I can't imagine our world operating on the kindness of strangers, though I believe most strangers are essentially kind. We learned as a nation that it was not enough to think: Well, no one would make small children work in factories! Everyone would agree that it's in society's best interest to protect and educate the children! Just pitch in. Taxes should be paid on the honor system and divorces granted fair and equitably without any legislation! We learned that it was not enough because it didn't work. I'm not interested in arguing libertarian views here. If we were all motivated to help the poor, build new roads and follow a universal code of ethics, we wouldn't have had the disastrous stories that prompted laws governing fairness and equity.

My beloved on the left and me and my snark on the right.
Protesting the idiocy that was/is Prop 8.
So I want to legally marry this woman with whom I have shared 25 years of marriage. Raising children, buying a home, developing careers, paying taxes, and all the other blissful and mundane things that marriage entails. All that and the incredible happiness and occasional grief that weave through most of our lives. But as far as my state and country are concerned, we are just two unrelated people who bought a house together.  If the police come to our door because of a crime or emergency, I must depend on their sense of fairness when it comes to letting us ride together in an ambulance. I must hope that their sensitivity and diversity training had taught them to respect our relationship. But we are not guaranteed anything because our "relationship" doesn't exist within the legal world.
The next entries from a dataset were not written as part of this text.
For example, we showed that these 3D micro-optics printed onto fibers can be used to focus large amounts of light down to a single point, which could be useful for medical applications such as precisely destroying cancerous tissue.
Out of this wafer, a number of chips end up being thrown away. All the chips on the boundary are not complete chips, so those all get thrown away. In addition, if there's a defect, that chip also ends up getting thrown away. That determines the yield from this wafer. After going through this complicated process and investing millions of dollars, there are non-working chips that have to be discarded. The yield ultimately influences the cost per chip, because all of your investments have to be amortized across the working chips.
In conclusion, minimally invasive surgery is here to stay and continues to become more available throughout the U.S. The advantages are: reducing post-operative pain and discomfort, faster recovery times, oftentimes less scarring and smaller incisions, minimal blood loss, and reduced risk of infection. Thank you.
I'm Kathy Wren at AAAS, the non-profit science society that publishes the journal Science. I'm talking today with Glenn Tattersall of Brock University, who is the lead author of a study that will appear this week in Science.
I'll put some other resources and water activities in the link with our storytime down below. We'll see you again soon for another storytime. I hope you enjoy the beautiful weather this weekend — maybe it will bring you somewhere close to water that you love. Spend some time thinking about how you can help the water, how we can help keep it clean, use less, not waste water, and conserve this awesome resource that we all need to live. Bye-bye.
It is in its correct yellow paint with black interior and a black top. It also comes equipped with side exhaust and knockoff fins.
I do not swoon and go limp when people ask me why I think I should have the right to marry...hoping for their kind support. I'm not interested in kindness or generosity or tolerance. I am interested in my rights. I am interested in equality.
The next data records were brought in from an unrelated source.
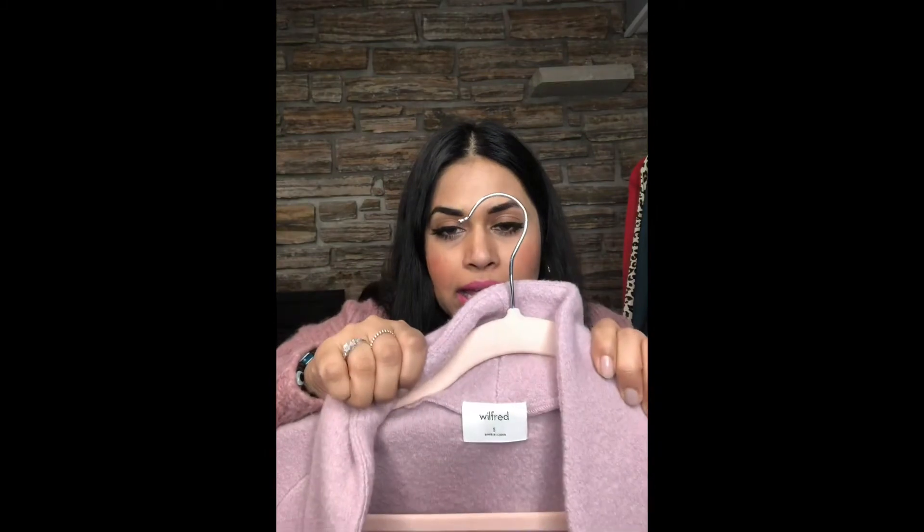The next item is a jacket called the Wilfred Dujardin jacket. I purchased it in a size small in the color Rose Smoke — it's almost like a pink but with more grayish-blue undertones. Unfortunately this one may have sold out, but I'll try to link something similar. The price is about $228 but I believe the Dujardin jackets are currently on sale for $175, so I'd check Aritzia's website.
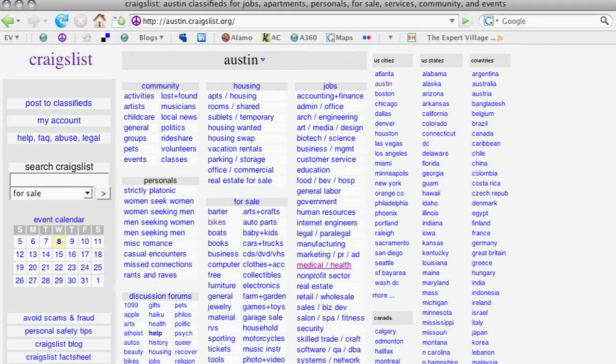I would recommend Craigslist. I would also check out your local neighborhood association. Check out your local postings around your coffee shops, because a lot of times — I remember as a nanny — I would post in the neighborhood banks or coffee shops.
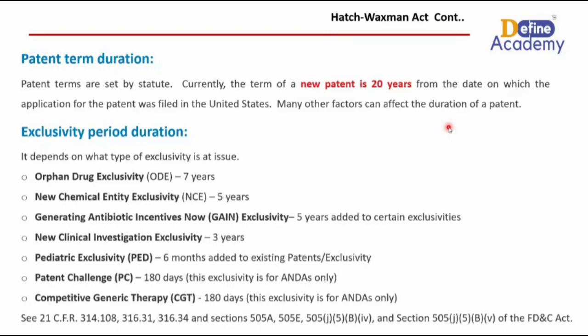The fourth is new clinical investigation exclusivity, which lasts for around three years. This exclusivity is specifically provided to encourage pharmaceutical companies to conduct new clinical trials and investigations for already-approved drugs. This exclusivity period grants benefits to manufacturers, including market exclusivity, to reward investment in additional clinical studies.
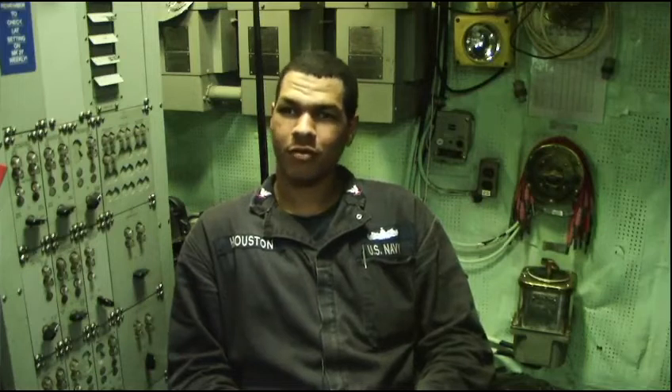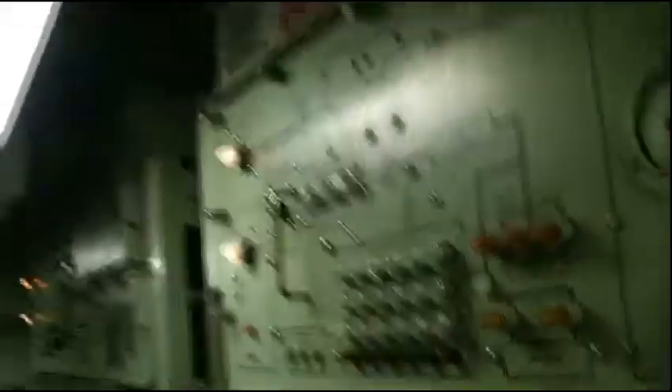Mostly it's electrical equipment. We test all the fuel and oils that we use to make sure it's good to go through our engines so we can go from point A to point B. We have SSDG — ship's diesel generators — and we have four of those located in different auxiliary machinery rooms in the ship.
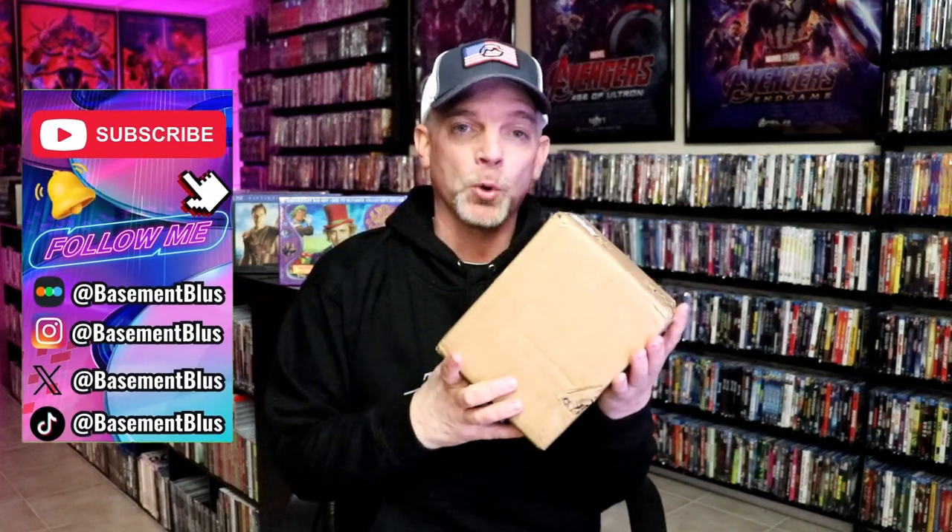Today I wanted to take time to do an unboxing from Vinegar Syndrome. I did receive another order. This package came in just a little beat up, but I'm sure it was packaged well enough to where it didn't get damaged. Anyway, this is more of those items that I purchased back in January that finally came in stock. These were pre-orders, so I thought I'd take time today to show you what all I've ordered. Probably isn't too much — we'll go with this first package.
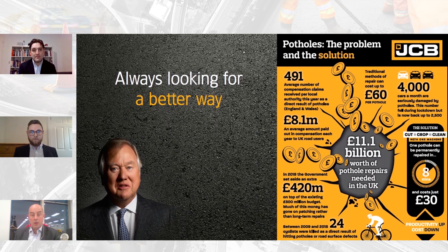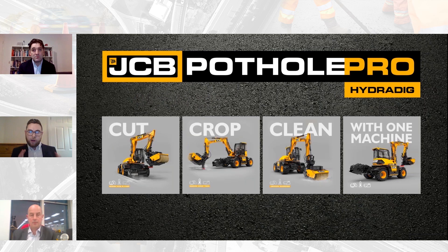One of our JCB mottos as proud British engineers is to always find a better way, and that starts with understanding our customers — those highways gangs. That viewpoint comes all the way down from our chairman, who hits potholes as much as we do and feels it's a national issue that we as British engineers need to solve. Researching with councils, we identified the bottleneck and distilled it into three key elements: cut, crop, and clean. These are absolutely essential in creating a uniform hole profile — squaring off the edges and fully preparing the hole before you even start talking about filling it with material.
Saturday, February 04, 2012

perpetual idiocy rules

Let's face it: facebook sucks the life out of blogging. But here I am because facebook also provides endless fodder for blogging. (If one has time/energy left after logging off.)

A friend posted the tripe above. She, like a million other women, view this as the romantic ideal.

It's not.
It is patronizing, controlling and offensive. Insulting to both men and women.
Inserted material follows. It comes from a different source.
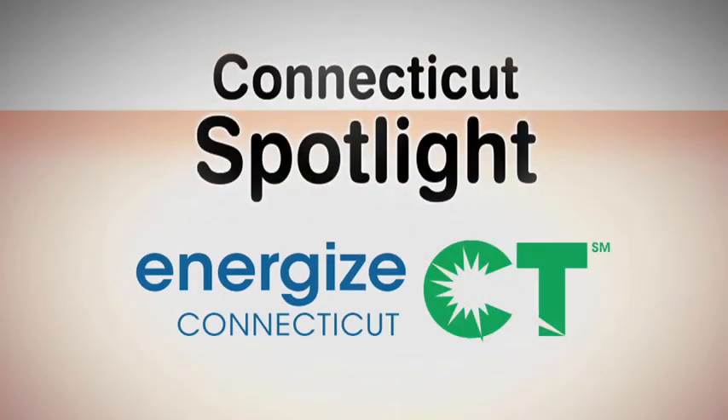Connecticut Spotlight is brought to you by Energize Connecticut. Good morning, welcome to Connecticut Spotlight. I'm Mary Anderson and my guest today is Elizabeth Murphy from United Illuminating, representing Energize Connecticut. Welcome, Elizabeth.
Let's take it apart (without the stupid title caps and random punctuation crapulence), shall we?:
When she pulls away, pull her back.
Oh dear. How much like "when she says no she really means yes" is this? By all means, pull her back against her will; just hope her left jab isn't better than yours.

When you see her start crying, just hold her and don't say a word.
Because you are an imbecile and couldn't possibly figure out how to ask her what is the matter. And if you speak, you'll just fuck everything up.

When you see her walking, sneak up and hug her waist from behind.
Whatever. If she hates surprises, wear protection.

When she's scared, protect her.
Because everyone knows that women dissolve into little piles of scented hankies when they're scared.

When she steals your favorite hoodie, let her wear it.
She's just a cutesy little klepto-muffin and isn't that adorable?

When she says that she loves you, she really does mean it.
And you couldn't possibly assess that based on your own observation, right?

When she grabs at your hands, hold hers and play with her fingers.
Seriously. Stop that.

When she tells you a secret, keep it safe and untold.
As opposed to what you normally do when someone confides in you.
When she looks at you in your eyes, don't look away until she does.
Nothing more romantic than a staring contest.

When she's mad, hug her tight and don't let go.
Unless she's armed. In which case, really don't let her go.

When she says she's okay, don't believe it.
Sigh. Really? Try to forget middle school.

Treat her like she's all that matters to you.
Every woman's dream guy is the obsessed stalker.

Kiss her in the pouring rain.

When she runs up to you crying, the first thing you say is: "Whose butt am I kicking, baby?"
Even if she's genuinely upset about something of merit, threatening bloodshed will make it all better.
Men and women will not break worn out and limiting patterns until they recognize this as just imbecilic role-playing.